Coupon-clipping ended up feeling like some kind of grotesque parody of an entertaining board game. Instead of shuffling cards to get you through a fantasy dungeon you were shuffling bits of paper, cut out from newspapers and print advertisements and other sources, in an attempt to navigate the treacherous lands of 1980s Reaganite "personal responsibility". There must surely have been some deep and malevolent marketing calculus involved in deciding what store items got to have coupons printed for them—did anyone who zealously clipped coupons (like our RL mother) ever wonder just why a corporation dedicated to bleeding its customers dry would ever deign to take pity on them, even to the extent of trimming a few cents off the price of a can of beans? The coupon-clipping game feels a bit like some canny corporate accountants figured out how to outsource part of their store-pricing algorithms to "the consumers", who dutifully spent hours a week sorting through colorful coupons and doing intricate arithmetic on behalf of supermarket chains, while trying to pretend that it was both a fun thing to do, and that it was socially responsible.

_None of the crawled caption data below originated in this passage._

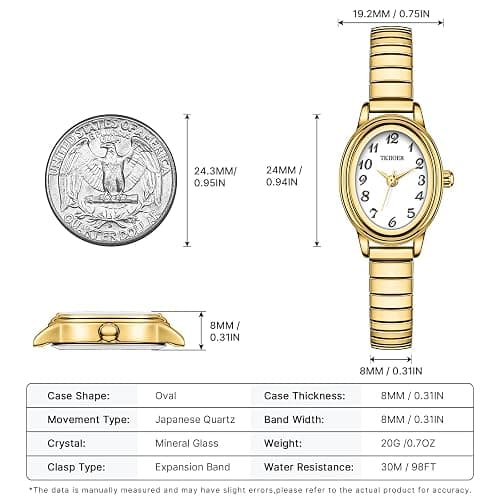 TKIIOER Small Gold Watches for Women, Easy to Read Ladies Analog Watch, 30M Waterproof, Luminous Dial, Stainless Steel Stretch Expansion Strap thumbnail 3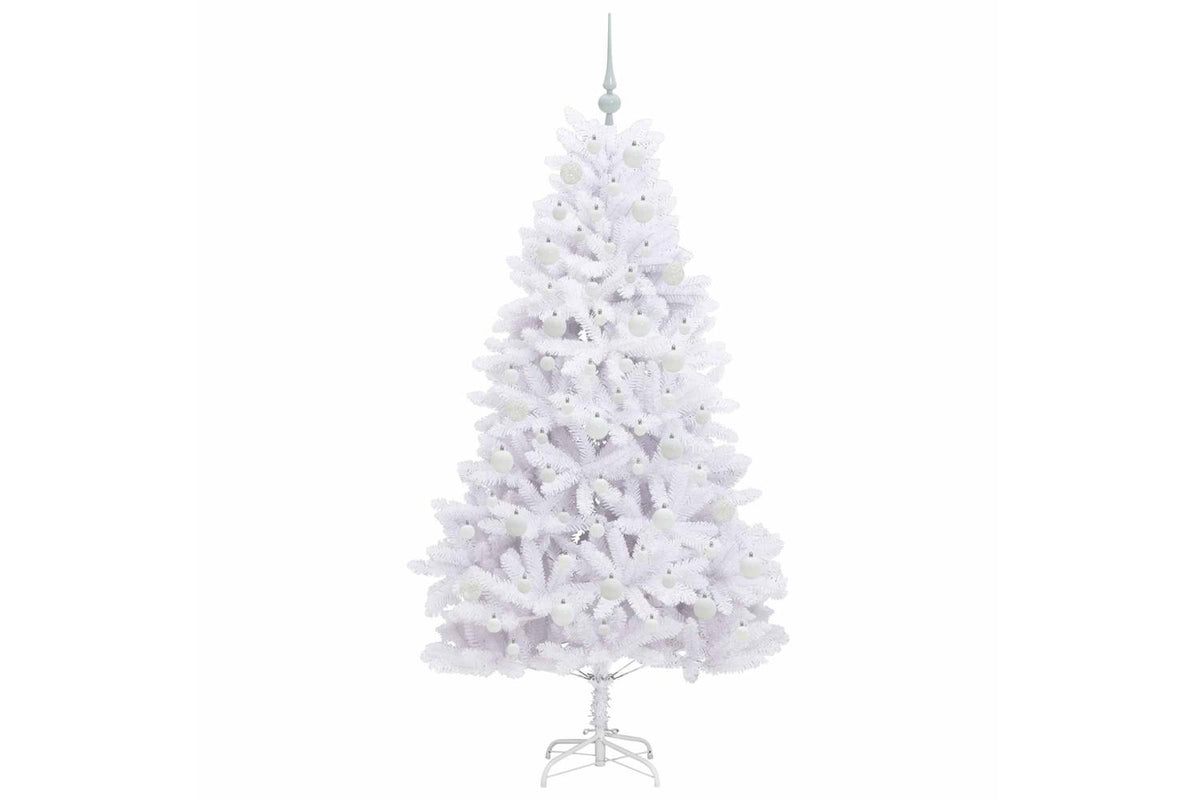 Vidaxl Artificial Hinged Christmas Tree White 180 Cm Pvc And Steel-4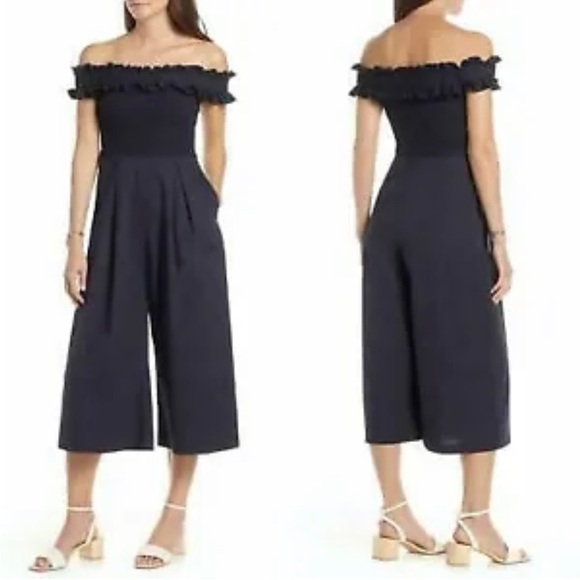 Nordstrom 1901 Cotton Smocked Ruffle Off Shoulder Wide Leg Cropped Jumpsuit - Picture 1 of 15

The 1980s were big on "consumer's rights" as a kind of phoney-baloney substitute or proxy for the civil rights activism that the Reaganite Republicans were determined to pretend had "gone too far". The new official line, enforced in terms of what kind of news stories got the most play in the press, was roughly: if you're unhappy, it's because you need to buy better products. And if you feel like you can't buy good products, then agitate for better ones! Frisk and I kinda fell for this "consumer's rights" stuff for a while. We were children being brought up in whıte suburban America; it was easy for us to be duped into thinking that we were going to improve people's lives by going after false advertising and agitating for better washing machines and so forth. "Consumer's rights" engendered the kind of fussy, excessive concern about consumer products and "comparison shopping" that also fed into preoccupation with coupon-clipping. We were "consumers", Frisk and I, and therefore it was our duty to be educated and knowledgeable about the products we were being sold.
And now I feel like maybe we should have been heaving bricks through shop windows, instead.